Published Online:https://doi.org/10.1148/60.3.421

Acquired radioresistance in cancer of various types is a phenomenon all too common in the radiotherapist's experience. The lymphomas as a group appear to be among the most outstanding examples of human cancers which may exhibit this finding. To explain it, many theories are recorded in the literature; few experimentally established facts, however, are available. The purpose of this paper is to present negative data obtained by studying the effects of in vitro irradiation on a transplantable lymphoma in order to determine whether acquired radioresistance is a property of this tumor cell or the host.

Methods

The Gardner mouse lymphosarcoma 6C3HED was used throughout the experiment.2 The tumor was carried subcutaneously in young adult C3H mice obtained from the Roscoe B. Jackson Memorial Laboratory in Bar Harbor, Maine. All transplants were made under sterile conditions by the trocar implantation of one small (2 mm. in diameter) pellet of freshly excised tumor into the subcutaneous tissue of the lateral abdominal wall. All x-irradiation treatments were given with a G. E. Maximar Therapy Unit at 200 kv., with 3 mm. aluminum inherent filtration, target distance of 35.6 cm., and an output of 165 r per minute. The tumor to be transplanted was excised from a freshly killed animal and cut into small fragments, which were placed in Wassermann tubes with 2 ml. of Hank's balanced salt solution. The controls were set aside and the treated fragments were irradiated in the Wassermann tubes. Both controls and the irradiated fragments were then implanted subcutaneously into normal animals. In 200 control transplants made in this fashion the tumors invariably grew well, attaining a size which necessitated transfer in twelve days.

The animals were kept in separate cages and received the standard diet employed in this institution.

The experiment was divided into two parts. The object of the first was to establish the lethal dose for this tumor under the conditions outlined above, i.e., the in vitro dose of radiation sufficient to prevent growth of the tumor fragment when transplanted into a normal animal. This was determined by giving tumor fragments single in vitro doses of radiation varying from 2,500 to 5,000 r and then implanting them into normal animals.
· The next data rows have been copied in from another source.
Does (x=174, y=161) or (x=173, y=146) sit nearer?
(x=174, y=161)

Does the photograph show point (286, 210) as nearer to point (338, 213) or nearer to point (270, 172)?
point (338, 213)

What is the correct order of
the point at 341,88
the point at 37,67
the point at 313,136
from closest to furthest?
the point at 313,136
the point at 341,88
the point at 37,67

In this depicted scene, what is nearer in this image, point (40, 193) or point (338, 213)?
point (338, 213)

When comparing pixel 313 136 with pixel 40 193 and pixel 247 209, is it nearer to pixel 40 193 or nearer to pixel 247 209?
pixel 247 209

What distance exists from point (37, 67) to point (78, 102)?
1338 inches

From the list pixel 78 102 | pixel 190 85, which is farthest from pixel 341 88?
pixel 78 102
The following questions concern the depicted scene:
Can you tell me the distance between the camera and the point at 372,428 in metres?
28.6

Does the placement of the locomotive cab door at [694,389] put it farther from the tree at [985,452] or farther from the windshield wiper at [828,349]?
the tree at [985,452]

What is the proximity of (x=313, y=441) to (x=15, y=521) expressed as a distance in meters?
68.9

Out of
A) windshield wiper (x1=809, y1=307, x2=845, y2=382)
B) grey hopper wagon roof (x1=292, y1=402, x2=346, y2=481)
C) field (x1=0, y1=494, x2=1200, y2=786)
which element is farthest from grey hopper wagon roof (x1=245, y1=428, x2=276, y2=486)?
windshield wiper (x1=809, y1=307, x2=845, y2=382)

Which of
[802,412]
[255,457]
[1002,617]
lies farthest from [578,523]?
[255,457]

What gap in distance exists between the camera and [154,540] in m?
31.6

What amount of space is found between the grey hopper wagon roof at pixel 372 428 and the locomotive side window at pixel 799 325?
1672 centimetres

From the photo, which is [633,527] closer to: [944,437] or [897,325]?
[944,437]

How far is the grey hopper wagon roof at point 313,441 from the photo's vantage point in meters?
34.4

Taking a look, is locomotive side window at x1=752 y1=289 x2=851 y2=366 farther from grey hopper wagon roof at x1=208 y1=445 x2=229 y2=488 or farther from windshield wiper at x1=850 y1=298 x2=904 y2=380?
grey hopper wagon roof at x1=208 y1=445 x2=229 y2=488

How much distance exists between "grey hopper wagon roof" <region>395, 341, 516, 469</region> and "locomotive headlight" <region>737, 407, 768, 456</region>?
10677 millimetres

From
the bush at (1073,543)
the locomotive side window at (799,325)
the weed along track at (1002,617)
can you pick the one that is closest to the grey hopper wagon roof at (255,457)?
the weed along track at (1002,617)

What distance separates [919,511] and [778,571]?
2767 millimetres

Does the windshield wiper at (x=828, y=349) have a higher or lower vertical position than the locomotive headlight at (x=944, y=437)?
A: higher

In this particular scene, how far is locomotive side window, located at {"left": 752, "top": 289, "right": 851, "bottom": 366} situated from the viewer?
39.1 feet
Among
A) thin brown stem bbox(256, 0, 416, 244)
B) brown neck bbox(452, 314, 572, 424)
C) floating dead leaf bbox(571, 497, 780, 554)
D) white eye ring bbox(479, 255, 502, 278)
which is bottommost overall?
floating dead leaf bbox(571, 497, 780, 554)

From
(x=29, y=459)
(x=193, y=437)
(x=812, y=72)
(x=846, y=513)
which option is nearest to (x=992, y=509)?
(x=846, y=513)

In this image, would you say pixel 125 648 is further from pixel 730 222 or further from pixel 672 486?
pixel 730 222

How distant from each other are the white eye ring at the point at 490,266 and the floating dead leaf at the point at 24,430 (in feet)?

The second part of the experiment consisted in an attempt to demonstrate under these in vitro conditions of x-irradiation the phenomenon of acquired radioresistance. To accomplish this, the originally unirradiated tumor was given increasing in vitro doses of radiation with each successive transplanation. The initial dose was well below the lethal dose for the tumor, and increasing doses were given at each transplantation in order to accustom the tumor to the effects of radiation, with the hope that the lethal dose for the previously unirradiated tumor could thus be exceeded. No attempt was made to determine the possible influence of time upon the induction of radioresistance.